»»

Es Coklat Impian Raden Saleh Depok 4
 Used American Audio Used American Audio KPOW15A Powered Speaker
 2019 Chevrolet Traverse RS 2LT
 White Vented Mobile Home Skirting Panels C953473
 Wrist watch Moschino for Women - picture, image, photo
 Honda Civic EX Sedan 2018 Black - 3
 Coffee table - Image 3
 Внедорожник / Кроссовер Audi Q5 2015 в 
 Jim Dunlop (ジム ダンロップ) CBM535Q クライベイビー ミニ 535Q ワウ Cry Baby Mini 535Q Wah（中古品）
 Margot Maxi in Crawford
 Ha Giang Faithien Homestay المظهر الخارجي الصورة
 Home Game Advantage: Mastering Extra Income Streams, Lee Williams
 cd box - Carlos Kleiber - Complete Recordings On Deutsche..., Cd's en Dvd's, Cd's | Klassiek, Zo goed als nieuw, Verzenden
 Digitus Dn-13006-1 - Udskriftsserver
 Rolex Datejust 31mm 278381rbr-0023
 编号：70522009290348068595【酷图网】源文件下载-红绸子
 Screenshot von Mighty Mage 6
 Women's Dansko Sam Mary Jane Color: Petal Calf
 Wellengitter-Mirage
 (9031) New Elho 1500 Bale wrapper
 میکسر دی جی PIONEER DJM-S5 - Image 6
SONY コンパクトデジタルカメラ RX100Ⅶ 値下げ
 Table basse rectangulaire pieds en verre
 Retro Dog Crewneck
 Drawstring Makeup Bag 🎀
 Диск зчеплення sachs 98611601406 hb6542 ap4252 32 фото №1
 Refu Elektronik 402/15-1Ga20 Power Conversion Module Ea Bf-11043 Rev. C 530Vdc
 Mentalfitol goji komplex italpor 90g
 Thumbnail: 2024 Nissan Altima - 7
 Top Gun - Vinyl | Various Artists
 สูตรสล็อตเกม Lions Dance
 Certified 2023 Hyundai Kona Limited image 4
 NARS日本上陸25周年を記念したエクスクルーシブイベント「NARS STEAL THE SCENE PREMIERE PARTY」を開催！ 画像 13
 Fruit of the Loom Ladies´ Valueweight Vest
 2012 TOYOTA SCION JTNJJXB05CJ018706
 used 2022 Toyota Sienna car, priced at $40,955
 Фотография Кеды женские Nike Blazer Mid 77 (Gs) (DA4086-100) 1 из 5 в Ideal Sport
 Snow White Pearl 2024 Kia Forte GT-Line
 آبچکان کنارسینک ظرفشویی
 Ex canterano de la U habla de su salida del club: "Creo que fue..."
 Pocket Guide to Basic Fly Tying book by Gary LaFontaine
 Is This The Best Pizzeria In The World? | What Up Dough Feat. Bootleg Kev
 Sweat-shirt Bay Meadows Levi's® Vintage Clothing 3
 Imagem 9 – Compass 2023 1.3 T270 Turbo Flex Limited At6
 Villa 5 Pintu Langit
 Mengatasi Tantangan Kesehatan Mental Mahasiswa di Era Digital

««

### WHAT YOU HAVE TO DO
Repeat the whole listing exactly. Leave nothing out.

### ANSWER BOX
Es Coklat Impian Raden Saleh Depok 4
 Used American Audio Used American Audio KPOW15A Powered Speaker
 2019 Chevrolet Traverse RS 2LT
 White Vented Mobile Home Skirting Panels C953473
 Wrist watch Moschino for Women - picture, image, photo
 Honda Civic EX Sedan 2018 Black - 3
 Coffee table - Image 3
 Внедорожник / Кроссовер Audi Q5 2015 в 
 Jim Dunlop (ジム ダンロップ) CBM535Q クライベイビー ミニ 535Q ワウ Cry Baby Mini 535Q Wah（中古品）
 Margot Maxi in Crawford
 Ha Giang Faithien Homestay المظهر الخارجي الصورة
 Home Game Advantage: Mastering Extra Income Streams, Lee Williams
 cd box - Carlos Kleiber - Complete Recordings On Deutsche..., Cd's en Dvd's, Cd's | Klassiek, Zo goed als nieuw, Verzenden
 Digitus Dn-13006-1 - Udskriftsserver
 Rolex Datejust 31mm 278381rbr-0023
 编号：70522009290348068595【酷图网】源文件下载-红绸子
 Screenshot von Mighty Mage 6
 Women's Dansko Sam Mary Jane Color: Petal Calf
 Wellengitter-Mirage
 (9031) New Elho 1500 Bale wrapper
 میکسر دی جی PIONEER DJM-S5 - Image 6
SONY コンパクトデジタルカメラ RX100Ⅶ 値下げ
 Table basse rectangulaire pieds en verre
 Retro Dog Crewneck
 Drawstring Makeup Bag 🎀
 Диск зчеплення sachs 98611601406 hb6542 ap4252 32 фото №1
 Refu Elektronik 402/15-1Ga20 Power Conversion Module Ea Bf-11043 Rev. C 530Vdc
 Mentalfitol goji komplex italpor 90g
 Thumbnail: 2024 Nissan Altima - 7
 Top Gun - Vinyl | Various Artists
 สูตรสล็อตเกม Lions Dance
 Certified 2023 Hyundai Kona Limited image 4
 NARS日本上陸25周年を記念したエクスクルーシブイベント「NARS STEAL THE SCENE PREMIERE PARTY」を開催！ 画像 13
 Fruit of the Loom Ladies´ Valueweight Vest
 2012 TOYOTA SCION JTNJJXB05CJ018706
 used 2022 Toyota Sienna car, priced at $40,955
 Фотография Кеды женские Nike Blazer Mid 77 (Gs) (DA4086-100) 1 из 5 в Ideal Sport
 Snow White Pearl 2024 Kia Forte GT-Line
 آبچکان کنارسینک ظرفشویی
 Ex canterano de la U habla de su salida del club: "Creo que fue..."
 Pocket Guide to Basic Fly Tying book by Gary LaFontaine
 Is This The Best Pizzeria In The World? | What Up Dough Feat. Bootleg Kev
 Sweat-shirt Bay Meadows Levi's® Vintage Clothing 3
 Imagem 9 – Compass 2023 1.3 T270 Turbo Flex Limited At6
 Villa 5 Pintu Langit
 Mengatasi Tantangan Kesehatan Mental Mahasiswa di Era Digital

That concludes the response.